In the end, it took all of 11 seconds, but the fallout in two American cities may last for years.
LeBron James announced last night on ESPN that he's leaving the Cleveland Cavaliers and heading to the Miami Heat to form a new power trio with fellow star players Dwyane Wade and Chris Bosh.
The reaction in both cities has been seismic.
Miami is a bit sunnier today if that's even possible, while in Cleveland, where James played for seven years, there is a new layer of bitterness in a place where sports and hard luck have gone together for many years.

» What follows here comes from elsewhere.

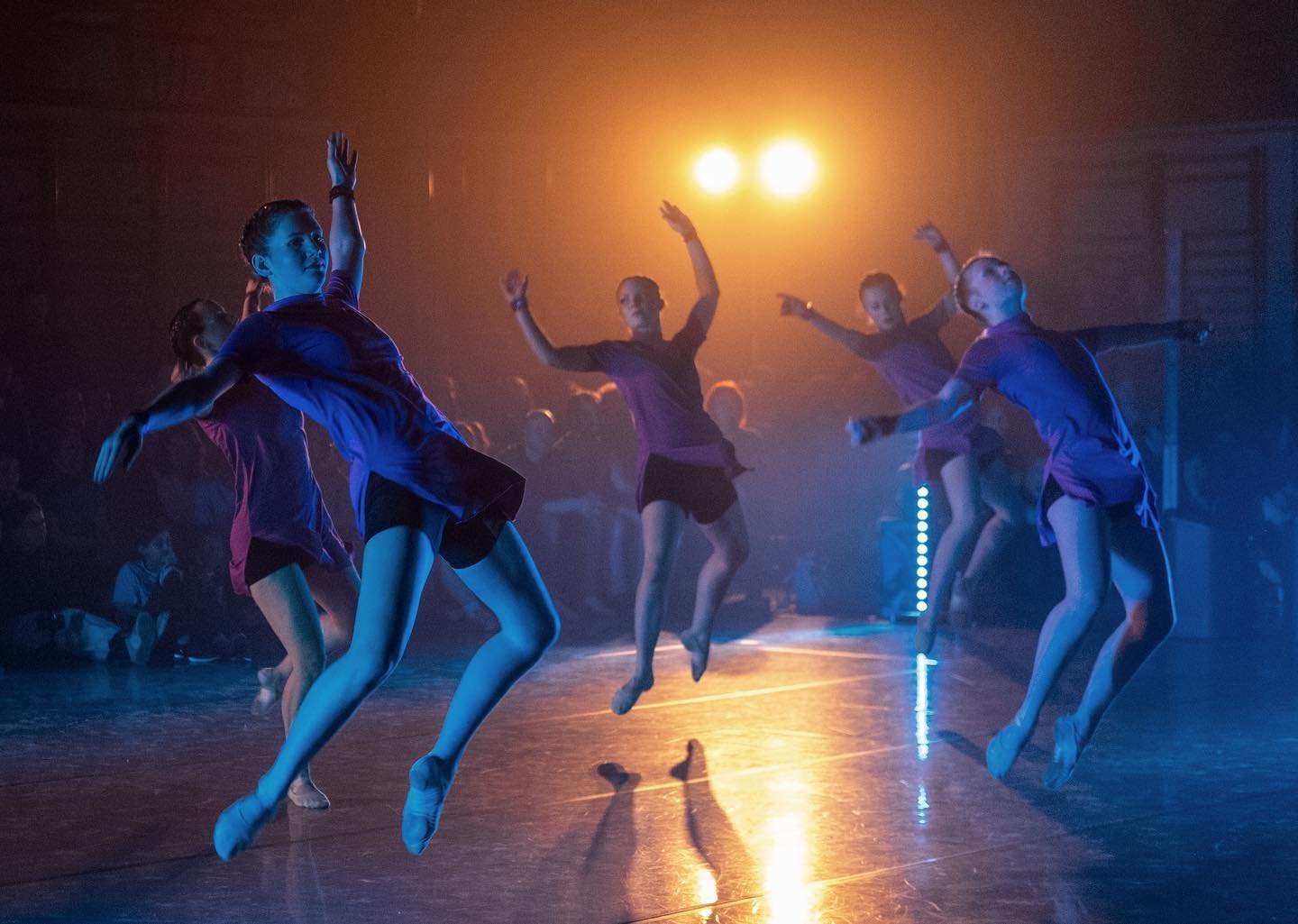 Dans voor het goede doel door de @leuvenseballetakademie #leuven #salcohaasrode #leuvenseballetacademie #dans #balletphotography #dance #dancephotography #ballerinapassion #dansfotografie #dansfotograaf #fujixt4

James, Wade and Bosh all structured their contracts so they'd be free agents at the same time. Speculation and rumor by sports reporters over which team would score the NBA's most coveted free agent drove sports fans delirious with anticipation.
"LeBron? What's your decision," the ESPN announcer said after what seemed like endless delay.

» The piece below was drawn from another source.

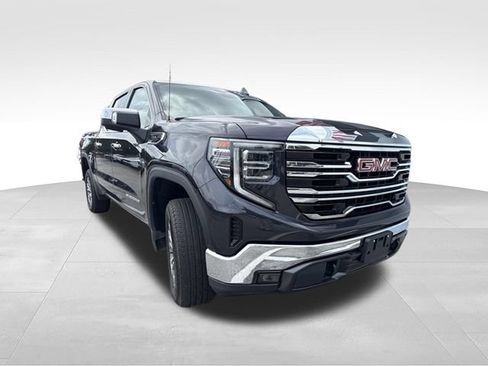 Used 2025 GMC Sierra 1500 SLT AWD/4WD image 3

At 9:27 p.m., he broke Ohio's heart
"This fall — man, this is very tough — this fall, I'm going to take my talents to South Beach and join the Miami Heat."
Answer in hand, the questions began: LeBron, why Miami?

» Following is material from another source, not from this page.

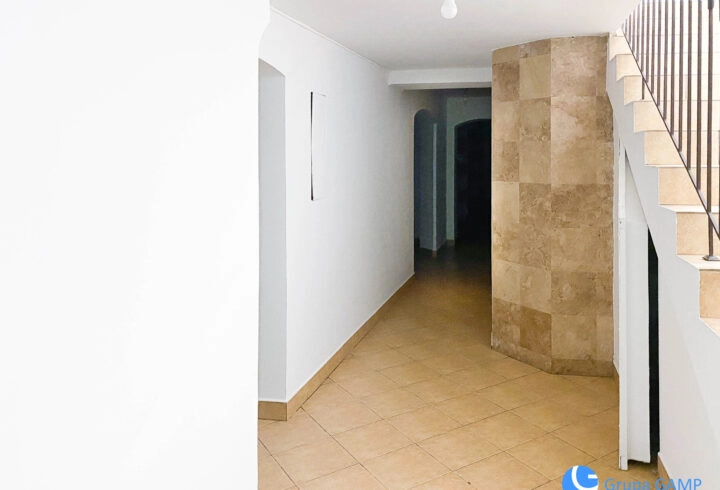 Lokal użytk. | 3 duże sale | 250 m2 | ul. Szeroka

"I felt like this is going to give me the best opportunity to win and to win for multiple years. I want to be able to win championships and I feel like I can compete down there."
Cleveland — a city that last won a major professional sports championship in 1964, a city whose sports failures are cataloged in one-word descriptions like The Drive, The Fumble, The Shot — now has The Decision.
For the hundreds of people watching at Harry Buffalo, a bar right next to the Cleveland Cavaliers' home arena, the night was over as soon as James uttered the words that chilled them to the core: "South Beach."
"I feel like my heart's been ripped out, stomped on and everything," said Stephanie Ramos, who was near tears. "I can't even believe that he couldn't be loyal and try to win a … I feel like 10 championships there wouldn't equal to one that he could've gotten here."
During his post-decision interview, James — who has the word "loyalty" tattooed on his chest — watched a video of a Clevelander burning his Cavaliers jersey. "I can't get involved in that," he responded. But James said he gave the franchise everything in his seven years there and understands the pain his decision is causing.
"I feel awful that I’m leaving. I feel even worse that I wasn't able to bring an NBA championship to that city because I know they've been wanting it a long time," he said. "To my real fans out there, I hope you guys continue to support me all the way in Miami, and I guess I’ll see you guys, you know, this fall."
It's bound to be an icy welcome when Miami visits Cleveland — and not just from fans.
On the Cavaliers' website, Cavaliers owner Dan Gilbert wrote a blistering open letter in which he called James' decision a cowardly betrayal and a shameful display of selfishness by one of our own. Gilbert also personally guaranteed that Cleveland will win an NBA title before the "self-declared former 'King'" wins one.
Considering how the Cavs' heart and soul has been transplanted to Miami and how the Heat now have to be part of any championship conversation, Gilbert and his team are going to need a lot more than angry words.